Para evitar que el desgraciado polluelo muriera a picotazos, finalmente Peluso se vino a vivir a nuestra casa y pasó a ser alimentado directamente por mis hermanas y, especialmente por mí. Crecía sano y feliz degustando los mejores y más ricos manjares que pudiera soñar un pollo. Su plumón pardo fue dando paso a un hermoso plumaje de vivos colores y, con el paso del tiempo, su inicial fragilidad se convirtió en una envidiable fortaleza. Cuando, ya crecido, lo devolvimos al gallinero, poco a poco fue ganándose el respeto de sus congéneres, bien por sus encantos con las damas, bien por su pose guerrera que no dejaba cresta sin merecido castigo. Ni siquiera Pepa o Juanita rechistaban cuando Peluso se decantaba por la Matahari a la que hacía suya ante la envidia y resignación de los gallos blancos.
A la caída de la tarde, después de una dura jornada poniendo orden en el corral, Peluso saltaba volando la valla del gallinero y, orgulloso, se acercaba feliz al porche de la casa desde donde veíamos la puesta del sol. Allí compartía con nosotros un delicioso ratito en familia y, para acompañarnos en la merienda, no despreciaba su platito de alpiste mojado en ron. Desde pequeño le encantaba esta especialidad mía que le preparaba con cariño y es que cuando terminaba su ración, batía vigorosamente las alas y se balanceaba eructando de un lado a otro como muestra de sincero agradecimiento.

Peluso se casó con Pelusa, el amor de su vida, sobrevivió a una descumunal riada y murió de viejo, dejando una enorme descendencia que llevaba en sus plumas y en sus garras la grandeza del abuelo, que superó con tanto pundonor las trabas que le puso la vida.
Como le sucedió a Peluso, las personas muchas veces somos valoradas por una fina capa de apariencia que distingue a los buenos de los malos, a los capaces de los incapaces, a los listos de los torpes, a ojos de gente superflua. Una capa de polvo que engaña a los simples e insensibles que juzgan por el envoltorio que cubre nuestras grandezas o nuestras miserias y no por lo que realmente somos. Desprovistos, por el soplido de Dios, de esa capa engañosa, de esa máscara de falsa protección, somos lo que somos a sus divinos ojos; ojos con los que deberíamos vernos a nosotros mismos.

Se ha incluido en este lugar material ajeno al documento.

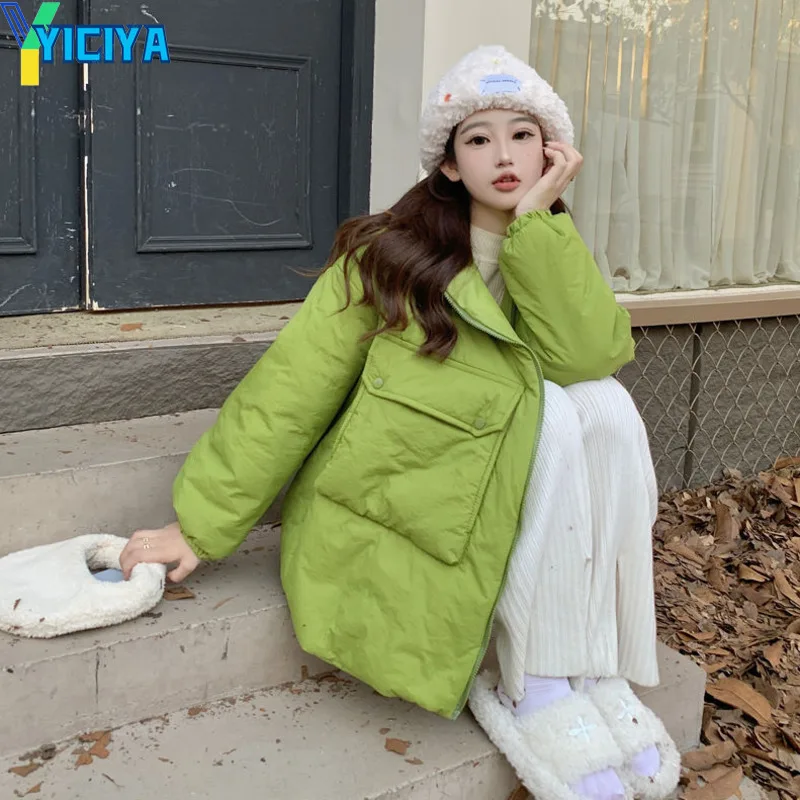 YICIYA Winter Thicken Warm Medium Long Chic Parkas Women Casual Sweety Solid Color Big Pocket Zipper Loose Coats Jackets Outwear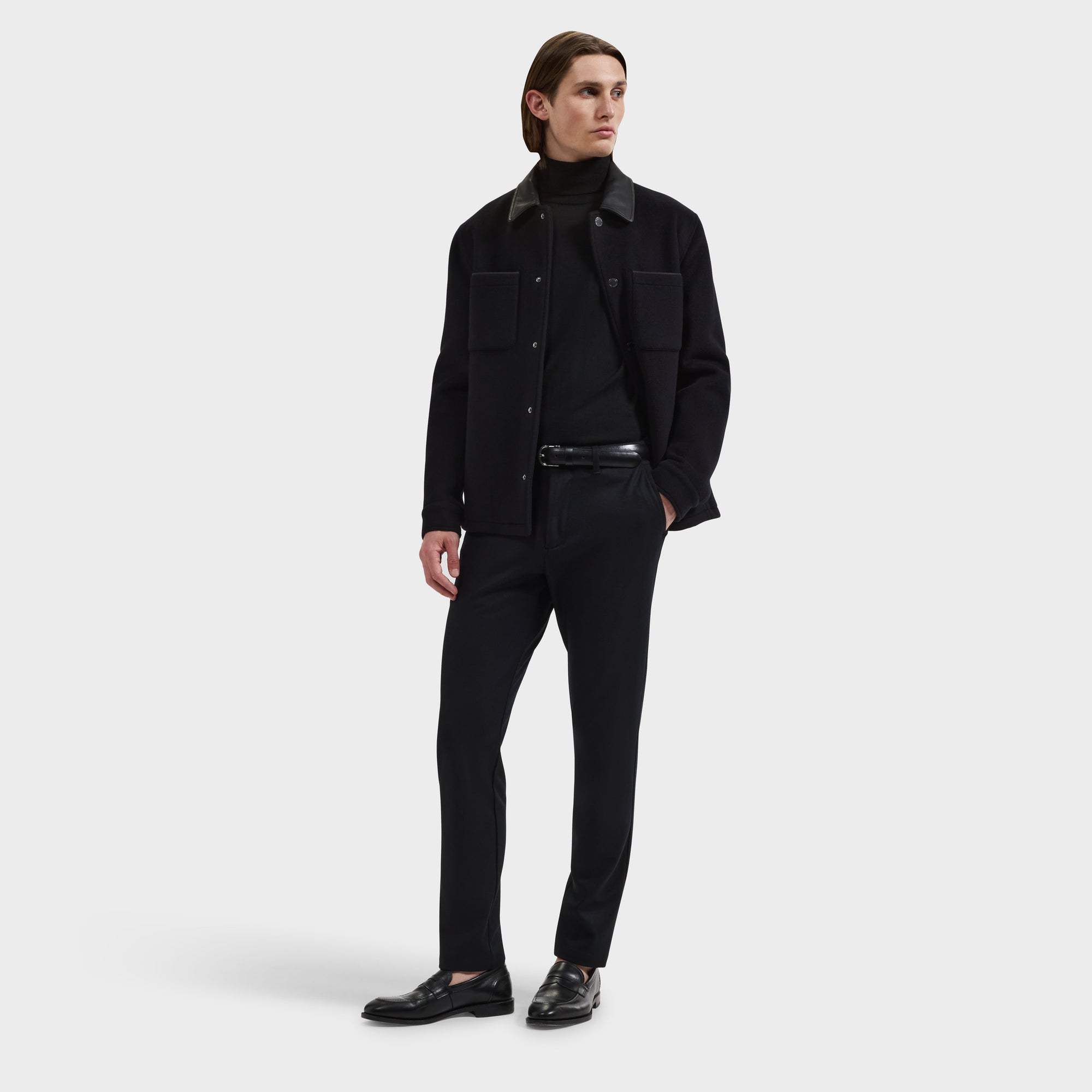 Overshirt Jacket with Leather Trim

Ya lo dijo el grande de Thomas de Kempis; No eres más porque te alaben, ni menos porque te critiquen; lo que eres delante de Dios, eso eres y nada más.
Desnuda el alma y viéndola hermosa reflejada en el espejo de nuestra propia existencia, una vida maravillosa nos espera si sabemos aceptarla, respetarla y amarla tal cual es.